Tuning Qubits With a Quantum SoC

One of the main challenges of working with qubits, the building blocks of quantum systems, is that they are fragile and susceptible to errors, making them notoriously hard to control.

At MIT, researchers have introduced a new quantum-system-on-chip (QSoC) architecture to meet the demands of controlling, tuning, and scaling dense arrays of qubits. To scale quantum systems, multiple chips can be connected with optical networks to create larger quantum communication networks. 

 

Diagram of the system architecture, which includes both an optical interface and QSoC. Image used courtesy of ArXiv

 

At the core of the QSoC architecture is an “entanglement multiplexing” protocol, which allowed the researchers to tune qubits over 11 different frequency channels. The QSoC module itself contains a CMOS application-specific integrated circuit (ASIC). The ASIC provided a voltage bias to tune the frequency of the qubits' electronic spin to a predefined set of frequencies. 

This scalable and integrated design enabled the researchers to manage and coordinate thousands of qubits—solving a critical piece of the quantum computing puzzle. 

 

Qubits From Diamonds

In quantum computing, color centers in diamonds can be used as “artificial atoms.” Diamond color centers are compact, solid-state systems with long coherence times. This means that the qubits can remain stable for a longer amount of time because of the cleanliness of a diamond’s environment. Qubits also have photonic interfaces that allow them to be entangled with non-adjacent qubits, enhancing scalability. 

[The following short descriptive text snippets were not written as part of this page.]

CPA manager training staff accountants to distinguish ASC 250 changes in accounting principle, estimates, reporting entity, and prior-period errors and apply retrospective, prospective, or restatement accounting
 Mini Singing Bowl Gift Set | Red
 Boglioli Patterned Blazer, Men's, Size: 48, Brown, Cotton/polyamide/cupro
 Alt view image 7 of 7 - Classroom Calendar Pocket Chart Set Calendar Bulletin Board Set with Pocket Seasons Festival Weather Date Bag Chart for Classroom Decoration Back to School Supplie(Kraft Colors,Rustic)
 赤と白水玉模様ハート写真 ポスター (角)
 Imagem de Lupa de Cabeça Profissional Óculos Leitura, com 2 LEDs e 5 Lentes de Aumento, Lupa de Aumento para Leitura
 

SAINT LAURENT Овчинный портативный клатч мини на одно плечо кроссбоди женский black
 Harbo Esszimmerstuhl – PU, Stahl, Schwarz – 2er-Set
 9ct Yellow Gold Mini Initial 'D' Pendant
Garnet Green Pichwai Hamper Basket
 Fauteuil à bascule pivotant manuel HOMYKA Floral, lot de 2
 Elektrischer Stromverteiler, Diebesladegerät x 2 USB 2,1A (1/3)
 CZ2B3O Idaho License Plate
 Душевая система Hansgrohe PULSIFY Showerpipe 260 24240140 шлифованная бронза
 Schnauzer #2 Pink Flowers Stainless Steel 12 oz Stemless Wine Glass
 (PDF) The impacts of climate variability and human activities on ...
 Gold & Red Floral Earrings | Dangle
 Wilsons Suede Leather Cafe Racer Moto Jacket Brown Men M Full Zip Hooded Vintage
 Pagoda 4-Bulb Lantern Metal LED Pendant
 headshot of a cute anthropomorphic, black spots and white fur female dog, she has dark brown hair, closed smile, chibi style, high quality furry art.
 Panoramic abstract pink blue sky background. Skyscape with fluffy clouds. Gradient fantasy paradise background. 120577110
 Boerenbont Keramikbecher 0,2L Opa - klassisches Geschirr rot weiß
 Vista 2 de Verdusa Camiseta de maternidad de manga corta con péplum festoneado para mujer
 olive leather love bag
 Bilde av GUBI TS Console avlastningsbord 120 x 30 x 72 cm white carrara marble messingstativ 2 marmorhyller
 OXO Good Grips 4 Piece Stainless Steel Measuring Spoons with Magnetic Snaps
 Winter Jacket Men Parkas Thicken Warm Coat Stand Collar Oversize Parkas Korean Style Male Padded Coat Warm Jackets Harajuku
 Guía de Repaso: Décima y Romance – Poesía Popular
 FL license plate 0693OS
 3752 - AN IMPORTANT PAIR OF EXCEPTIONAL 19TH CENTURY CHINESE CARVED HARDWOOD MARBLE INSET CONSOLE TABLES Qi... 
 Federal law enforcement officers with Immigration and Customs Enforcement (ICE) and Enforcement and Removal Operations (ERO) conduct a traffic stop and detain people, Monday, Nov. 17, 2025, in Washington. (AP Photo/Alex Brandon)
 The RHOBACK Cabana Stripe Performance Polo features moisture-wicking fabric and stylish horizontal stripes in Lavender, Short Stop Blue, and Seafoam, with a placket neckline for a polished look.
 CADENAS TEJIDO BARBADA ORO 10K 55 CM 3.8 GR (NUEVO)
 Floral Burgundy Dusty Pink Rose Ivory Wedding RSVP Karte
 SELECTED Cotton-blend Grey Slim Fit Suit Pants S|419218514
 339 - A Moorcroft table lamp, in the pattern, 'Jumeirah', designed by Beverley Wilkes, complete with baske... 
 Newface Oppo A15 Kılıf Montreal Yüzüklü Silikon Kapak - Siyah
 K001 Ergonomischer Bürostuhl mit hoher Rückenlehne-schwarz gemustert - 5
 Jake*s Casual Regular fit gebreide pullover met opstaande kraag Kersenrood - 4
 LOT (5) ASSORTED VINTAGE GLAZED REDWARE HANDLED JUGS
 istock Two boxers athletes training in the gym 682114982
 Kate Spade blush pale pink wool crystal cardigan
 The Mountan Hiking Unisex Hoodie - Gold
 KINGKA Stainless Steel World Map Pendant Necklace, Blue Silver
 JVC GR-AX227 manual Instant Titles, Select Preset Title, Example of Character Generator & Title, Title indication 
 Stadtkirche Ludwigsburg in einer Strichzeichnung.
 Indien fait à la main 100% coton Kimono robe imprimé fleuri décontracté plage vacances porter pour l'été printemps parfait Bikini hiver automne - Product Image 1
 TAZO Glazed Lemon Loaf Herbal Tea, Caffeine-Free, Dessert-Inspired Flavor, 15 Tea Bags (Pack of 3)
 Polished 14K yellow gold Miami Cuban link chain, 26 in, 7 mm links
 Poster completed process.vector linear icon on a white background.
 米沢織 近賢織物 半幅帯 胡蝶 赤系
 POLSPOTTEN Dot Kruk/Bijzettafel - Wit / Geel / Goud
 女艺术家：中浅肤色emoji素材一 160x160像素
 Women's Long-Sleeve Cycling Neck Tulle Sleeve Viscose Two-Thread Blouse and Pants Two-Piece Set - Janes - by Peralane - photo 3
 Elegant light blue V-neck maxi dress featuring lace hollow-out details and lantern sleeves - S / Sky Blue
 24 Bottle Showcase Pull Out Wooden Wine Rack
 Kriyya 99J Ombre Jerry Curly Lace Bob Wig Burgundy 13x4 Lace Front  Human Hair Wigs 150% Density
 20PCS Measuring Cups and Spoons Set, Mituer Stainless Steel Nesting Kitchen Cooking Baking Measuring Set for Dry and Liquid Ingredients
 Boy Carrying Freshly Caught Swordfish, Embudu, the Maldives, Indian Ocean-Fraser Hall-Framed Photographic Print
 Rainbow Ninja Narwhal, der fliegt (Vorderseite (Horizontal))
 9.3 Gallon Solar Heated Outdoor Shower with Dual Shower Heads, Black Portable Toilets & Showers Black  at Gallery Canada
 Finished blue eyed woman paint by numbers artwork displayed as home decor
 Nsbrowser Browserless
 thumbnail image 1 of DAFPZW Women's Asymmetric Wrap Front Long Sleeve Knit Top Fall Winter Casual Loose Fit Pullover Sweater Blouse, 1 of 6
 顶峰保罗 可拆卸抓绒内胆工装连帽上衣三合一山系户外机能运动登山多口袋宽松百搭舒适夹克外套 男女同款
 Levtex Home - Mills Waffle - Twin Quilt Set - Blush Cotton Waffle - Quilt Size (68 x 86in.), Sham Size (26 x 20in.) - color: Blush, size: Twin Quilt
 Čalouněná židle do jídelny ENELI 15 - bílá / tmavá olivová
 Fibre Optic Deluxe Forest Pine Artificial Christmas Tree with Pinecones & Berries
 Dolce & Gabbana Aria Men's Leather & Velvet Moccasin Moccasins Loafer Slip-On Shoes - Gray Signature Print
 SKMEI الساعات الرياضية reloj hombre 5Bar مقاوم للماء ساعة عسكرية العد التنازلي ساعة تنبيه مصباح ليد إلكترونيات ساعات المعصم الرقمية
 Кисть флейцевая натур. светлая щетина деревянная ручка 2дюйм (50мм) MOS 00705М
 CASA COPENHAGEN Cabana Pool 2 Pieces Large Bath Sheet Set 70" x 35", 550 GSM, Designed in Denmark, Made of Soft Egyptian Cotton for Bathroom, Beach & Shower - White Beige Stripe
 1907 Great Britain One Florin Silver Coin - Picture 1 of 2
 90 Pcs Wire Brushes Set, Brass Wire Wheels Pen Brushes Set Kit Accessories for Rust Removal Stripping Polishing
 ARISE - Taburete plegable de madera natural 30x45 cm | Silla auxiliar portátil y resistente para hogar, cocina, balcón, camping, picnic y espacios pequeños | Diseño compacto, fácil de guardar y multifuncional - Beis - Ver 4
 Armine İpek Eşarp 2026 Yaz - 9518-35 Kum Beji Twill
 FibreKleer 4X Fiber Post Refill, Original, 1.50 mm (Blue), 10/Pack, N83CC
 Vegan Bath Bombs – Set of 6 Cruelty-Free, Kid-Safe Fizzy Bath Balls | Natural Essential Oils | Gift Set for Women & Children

Researchers at MIT have used the spectral frequency of diamond color centers to communicate with each individual atom by voltage-tuning them. To surmount the challenge of communicating across thousands of qubits, the team integrated a large number of diamond color centers on a CMOS chip to create the dials to tune the qubits accordingly. 

 

Fabrication Process

The researchers needed specialized hardware to build such a QSoC. They fabricated an array of diamond color center microchiplets from a block of diamond. They then post-processed a CMOS chip to add microscale sockets matching the diamond microchiplet array. Finally, the team used an in-house setup to apply a lock-and-release process to transfer the microchiplets into the sockets on the CMOS chip.

 

The lock-and-release integration process to transfer the quantum microchiplet array. Image used courtesy of ArXiv

 

Linsen Li, an electrical engineering and computer science (EECS) graduate student leading the QSoC research, says that the team has “iterated and developed the recipe to fabricate these diamond nanostructures in an MIT cleanroom.” Developed over several years, this recipe includes 19 steps of nanofabrication to yield the diamond quantum microchiplets.

 

Road to Commercialization

In addition to building a QSoC, the researchers developed an approach to characterize and scale the system. They built a custom cryo-optical metrology setup to tune a chip with 4,000 qubits while maintaining its spin and optical properties. While the QSoC offers to make quantum computing a practical reality, researchers will need to refine the materials to make qubits or develop more precise control processes.